Data for analysis:
□ □ □ □ □ □ □

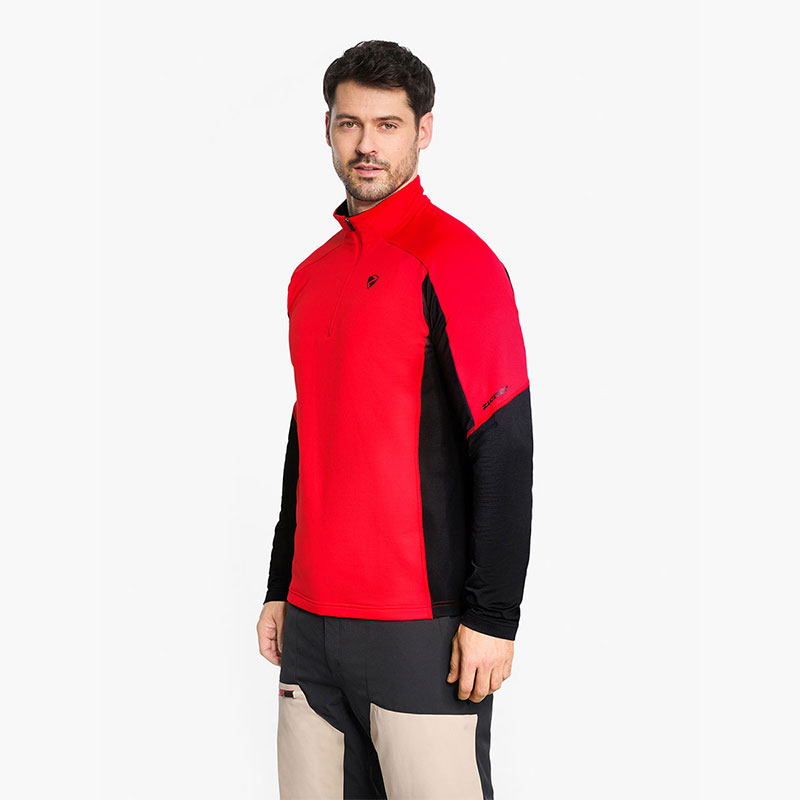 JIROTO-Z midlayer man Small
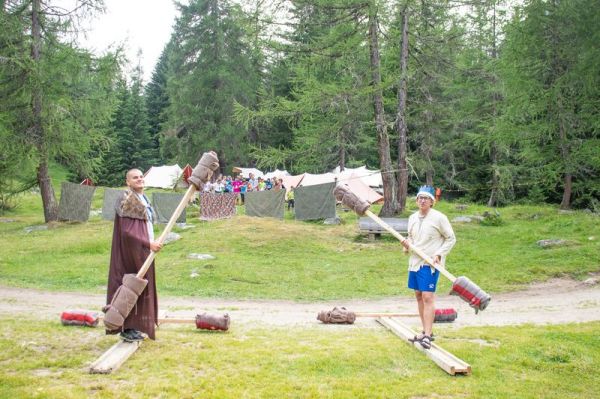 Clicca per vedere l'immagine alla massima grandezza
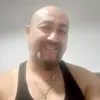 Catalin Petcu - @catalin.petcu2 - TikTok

□ □ □ □ □ □ □

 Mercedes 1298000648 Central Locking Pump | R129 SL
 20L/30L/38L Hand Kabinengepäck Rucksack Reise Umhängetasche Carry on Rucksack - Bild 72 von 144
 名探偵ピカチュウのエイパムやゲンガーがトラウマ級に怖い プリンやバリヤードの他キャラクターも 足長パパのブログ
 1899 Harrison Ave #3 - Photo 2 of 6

□ □ □ □ □ □ □

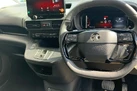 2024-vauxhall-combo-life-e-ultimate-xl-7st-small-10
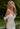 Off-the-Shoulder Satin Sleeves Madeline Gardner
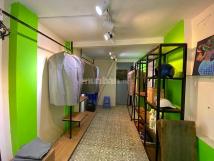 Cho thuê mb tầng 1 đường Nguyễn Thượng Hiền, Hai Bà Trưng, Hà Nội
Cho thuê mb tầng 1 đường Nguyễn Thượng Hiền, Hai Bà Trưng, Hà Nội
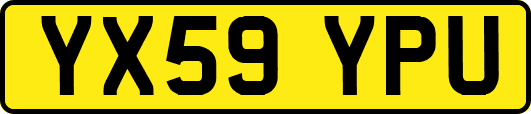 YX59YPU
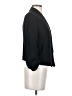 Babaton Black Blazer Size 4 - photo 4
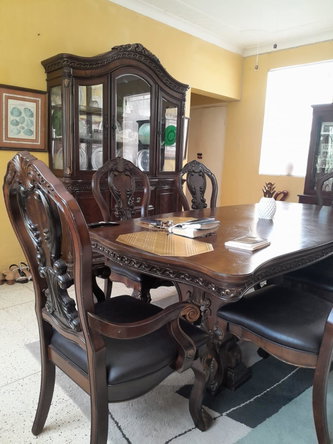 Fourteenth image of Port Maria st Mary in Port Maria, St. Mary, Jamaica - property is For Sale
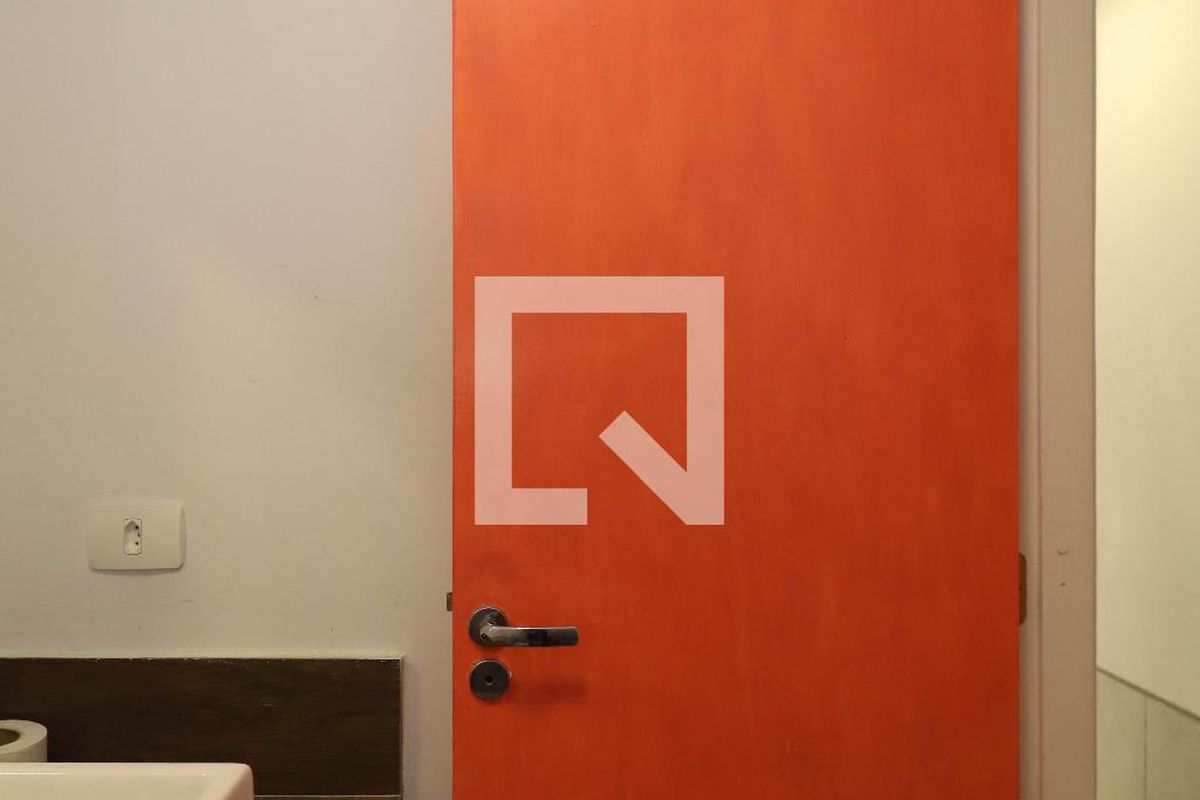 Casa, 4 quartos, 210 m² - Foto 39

□ □ □ □ □ □ □

Work instructions: Copy out exactly the lines above beginning with the line that contains "JIROTO-Z midlayer man Small" and finishing with the line that contains "Catalin Petcu - @catalin.petcu2 - TikTok", including both; leave the pictures out.

Answer to this task:
 JIROTO-Z midlayer man Small
 Clicca per vedere l'immagine alla massima grandezza
 Catalin Petcu - @catalin.petcu2 - TikTok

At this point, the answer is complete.